Tears welled in Paulson’s eyes at the memory. “He reached for me and smiled,” she said. “His name was Isaiah, and we took him home.”
Over the next two years of working through the foster care and adoption process, Paulson saw a desperate need and she started asking herself, “What if there was a home for these kids to go to instead of a conference room or a cubicle, a place where there were comfy couches, soft beds, a fully stocked bathroom, lice kits, and a play area out back — house with crayons and bubbles — anything that a child would need?”
“What if in those traumatic hours of transition we could lavishly love on this child?” Paulson added. “And what if the minute we meet them we could start giving them the message, ‘You’ve done nothing wrong. You are loved. There is hope.’”
In 2017, Paulson googled “How to Start A Nonprofit.” She developed a plan and asked her community to help her make a dream come true. The support was overwhelming. Just a year later, on June 19, 2018, Isaiah 117 House opened its doors in Elizabethton to serve Carter, Unicoi and Johnson Counties. Children leave Isaiah 117 House for their new home, nurtured and encouraged, with many needs met and a backpack filled with sleepwear, clothing, school supplies and other necessities.
Paulson, Isaiah 117 House executive director and founder, says she is excited about plans to establish even more homes throughout Northeast Tennessee and beyond. More than 50 children have been served since June at the Carter County location and the help they receive, she says, is transformative.
“When a kid believes they are the ones responsible for their tough situation, that can change the trajectory of his or her whole future, so anything we can do to reduce the trauma for a child who is going through the worst day of their life will only benefit this next generation,” Paulson said.
Work to establish additional Isaiah 117 Houses is already underway in Greene and Sullivan Counties, and Paulson says she is committed to finding that same support in Washington County, hopefully to establish a house in the Jonesborough area.

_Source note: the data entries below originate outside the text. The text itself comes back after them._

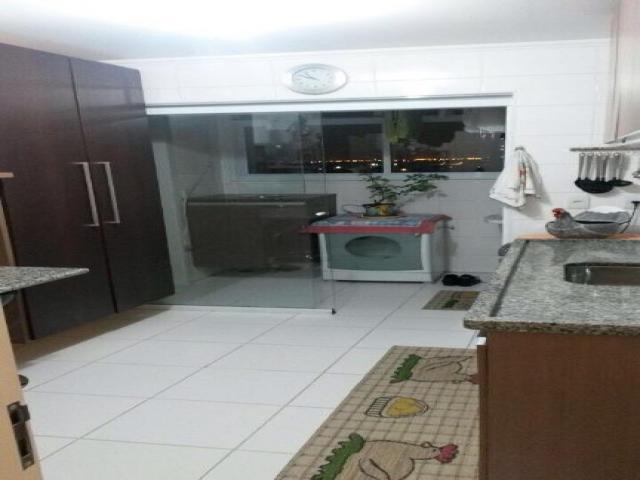#AP0930 - Apartamento para Venda em São Paulo - SP - 3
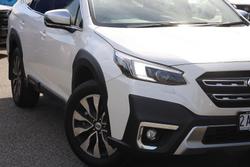 2024 Subaru Outback AWD Touring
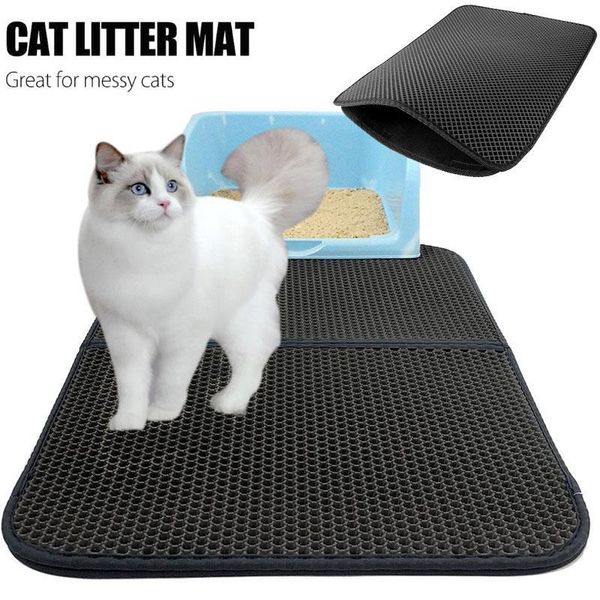 cat beds & furniture soledi cats litter trapper waterproof pet mat nonslip filter dogs rug 2 colors double layer mascotas accesorios
cat beds & furniture soledi cats litter trapper waterproof pet mat nonslip filter dogs rug 2 colors double layer mascotas accesorios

Washington and Greene Counties have the largest number of child removals of any counties in Northeast Tennessee.
The need is great, but despite the challenges, there are happy endings, Paulson says.
Just ask Isaiah.
The little 9-month-old who reached for Paulson is now four years old and a full fledged member of the Paulson family, who adopted him and his brother, Eli, who will be two in March. They join the Paulson’s biological children, Sophie, 16 and Mac, 12.